Approach to the Cirrhotic Patient With Cramps
In patients with cirrhosis who present with muscle pain, a careful history should be obtained to differentiate cramps (spontaneous, chronic, and often nocturnal) from other causes of pain (Figure 2). In particular, new-onset persistent muscle pain should trigger consideration of other diagnoses such as rhabdomyolysis, myositis, or acute kidney injury for which laboratory tests to assess electrolytes and other parameters would be appropriate. A standardized cramp questionnaire may be useful to define the presence and severity of cramps and in assessing the effectiveness of treatments (Figure 3).11, 51 In those found to have cramps, consideration of etiologies other than cirrhosis should be contemplated (Table 2). Serum electrolyte concentrations are frequently measured and, when low, repleted. When cramps related to cirrhosis are present and are clinically significant, an attempt at treatment is reasonable. Although large controlled trials are lacking, the use of over-the-counter, inexpensive agents with favorable side effect profiles (branched-chain amino acids, taurine, and vitamin E) may be considered.
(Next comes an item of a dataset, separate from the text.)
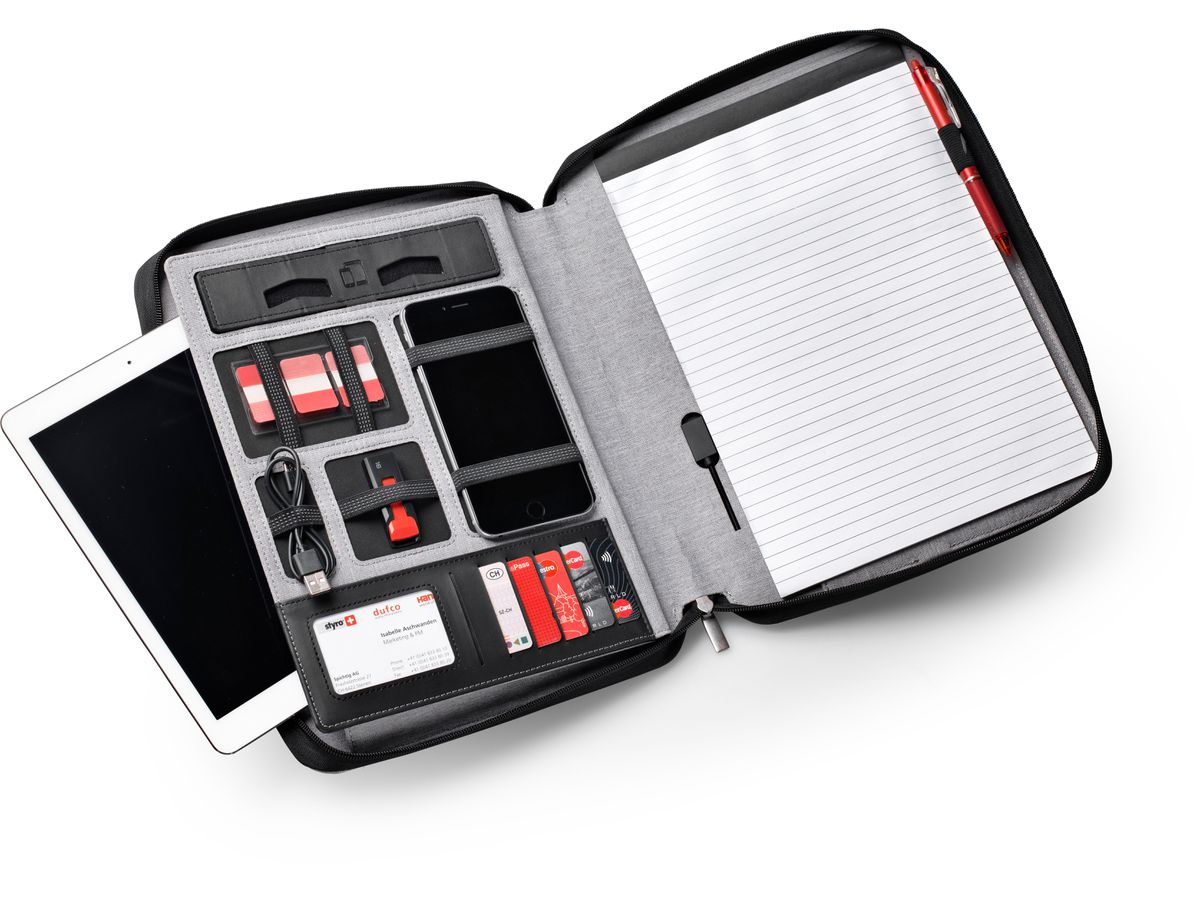 DUFCO Dossier de conférence A4 48-2026.000 Powerbank 5000 mAH, gris (7612176079822)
Branched-chain amino acids and taurine may have the greatest potential benefit on the basis of effects on proposed mechanisms for cramps and on possible improvement in nutritional parameters. Other treatments as outlined previously are not currently recommended because of ineffectiveness, expense, and/or the risk of side effects.
Figure 2. Approach to the cirrhotic patient with cramps. CK, creatinine kinase; CRP, C-reactive protein; CQ, cramp questionnaire; EMG, electromyogram; ESR, erythrocyte sedimentation rate.
Figure 3. Cramp Questionnaire. Clinically significant cramp (frequency of cramps/week × severity of cramps) >12.
Muscle cramps in patients with liver disease are common and are associated with a negative impact on QOL. Although a number of mechanisms for cramps in liver disease have been postulated and have been targeted by medical therapies, a clear picture of the causal events has not emerged. Several agents have shown benefit in small uncontrolled studies, although large randomized controlled trials are lacking. Treatments such as branched-chain amino acids and taurine may have the greatest potential benefit because they target proposed mechanisms and may also improve nutritional status.